Backtesting Futures Strategies: What the Numbers Actually Tell You and When They Lie
Overview #
Backtesting is the most dangerous tool in a futures trader's arsenal. Not because it doesn't work — it does, under specific conditions — but because it produces convincing numbers that feel like evidence when they're often just artifacts of how the test was constructed.
A backtest evaluates a repeatable trading rule applied to historical market data under a set of execution assumptions. It answers one narrow question: "If I had traded these exact rules, with these exact fills, on this exact data, what would have happened?" That question is useful. The problem is that most traders hear a different question: "Will this strategy make money going forward?" Backtesting cannot answer that.
This article covers what backtesting actually tests, how platform engines work under the hood, the pitfalls that produce false confidence, and the validation methods that separate useful results from noise.
What Backtesting Tests -- and What It Does Not #
A backtest validates three things: your signal logic (do these entry/exit conditions fire when you expect?), your risk management mechanics (do stops, targets, and position sizing behave correctly?), and your execution model (fills, commissions, slippage as you've configured them).
What a backtest does not validate: whether the market will behave similarly in the future, whether your orders will actually get filled at the prices assumed, whether your operational latency will match the test assumptions, and whether your strategy's edge survives real market impact from your own orders.
As [Big Mike explained on NexusFi] [1], "Out of sample data is critical for a meaningful backtest, yet most traders don't do it. Out of sample means that you would backtest on one period of data and then once you feel you have the strategy the way you want it, you would then test it on OOS data and compare the results. If the results are drastically different, you have curve fitted your strategy to in sample data and the strategy is worthless going forward."
The fundamental issue is that most backtests validate signal logic plus an optimistic execution model. Unless you explicitly model execution reality — slippage distributions, partial fills, queue position, latency — your results tell you what would have happened in a world that doesn't exist.
Bar-Level vs. Tick-Level Engines #
The backtesting engine your platform uses determines how it steps through historical data and resolves order fills. This mechanical difference produces materially different results on the same strategy.
Bar-level engines evaluate trades using OHLCV candles. When your strategy has both a stop and a target that could be hit within the same bar, the engine faces an impossible question: which one triggered first? The bar's open, high, low, and close don't tell you the path price took during that bar.

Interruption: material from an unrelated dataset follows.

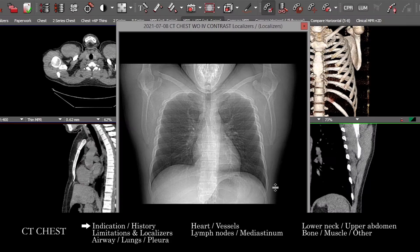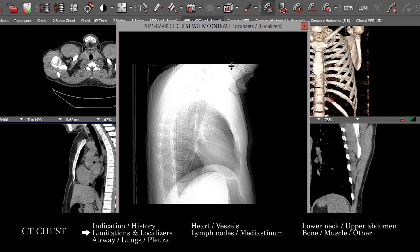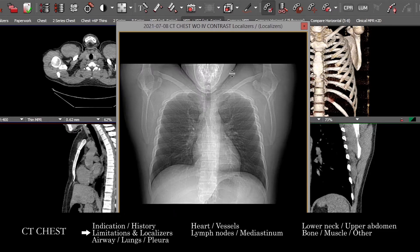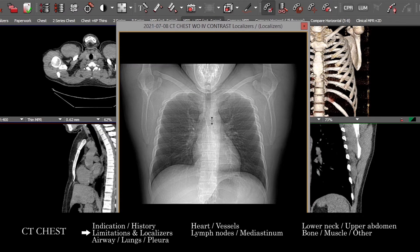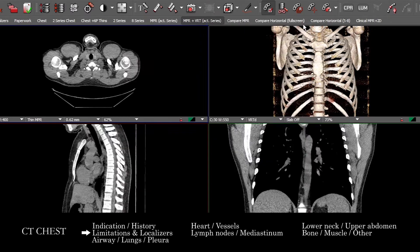To begin, once you've gotten a sense of why the study is being done and what we're looking for, I like to take a quick look at the localizer images — especially in areas of the anatomy at the superior and inferior aspects of the study, which we sometimes may not see entirely in the axial images. This can also give you a sense of overall distribution of pathology, and any sort of support devices, to key you in to make sure you're looking at those.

A 1-minute ES bar showing High=5500, Low=5495 doesn't reveal whether price hit 5498 (your stop) before reaching 5496 (your target) or vice versa.
Platforms handle this ambiguity with conventions — some assume the worst case, some assume the best case, some use "stop first then target." These conventions silently bias your results. If you're running a strategy where stops and targets frequently compete within the same bar, the engine's convention is determining your results more than your strategy logic.
Tick-level engines step through each trade or quote update, which eliminates most path ambiguity. However, "tick data" on most retail platforms means last-trade ticks — not the full order book with depth. You get better trigger timing, but you still lack the information needed to model queue position accurately. For limit orders, knowing that price traded at your level doesn't tell you whether your order would have been filled — that depends on where you were in the queue.
The practical difference: bar-level backtests on strategies with tight stops and targets are unreliable. Tick-level backtests are more realistic for trigger timing but still optimistic for limit order fills. Neither engine truly models the execution reality of a live market.
Fill Assumptions: Where Backtests Silently Diverge #
The fill model is where most backtests lie. Not intentionally — the platform simply doesn't know enough about real market microstructure to fill orders accurately.
Market orders are typically filled at the next available price (next tick or next bar open). In reality, market orders during fast moves can slip multiple ticks, and the slippage is not constant — it's a function of volatility, spread, and liquidity at that moment.
Limit orders are filled when price "touches" the limit level in most engines. This is deeply optimistic. In a live market, your limit order sits in a queue behind every order placed before yours at that price. Price touching your level doesn't mean you get filled — it means the orders ahead of you get filled. If the market reverses before reaching your position in the queue, you get nothing.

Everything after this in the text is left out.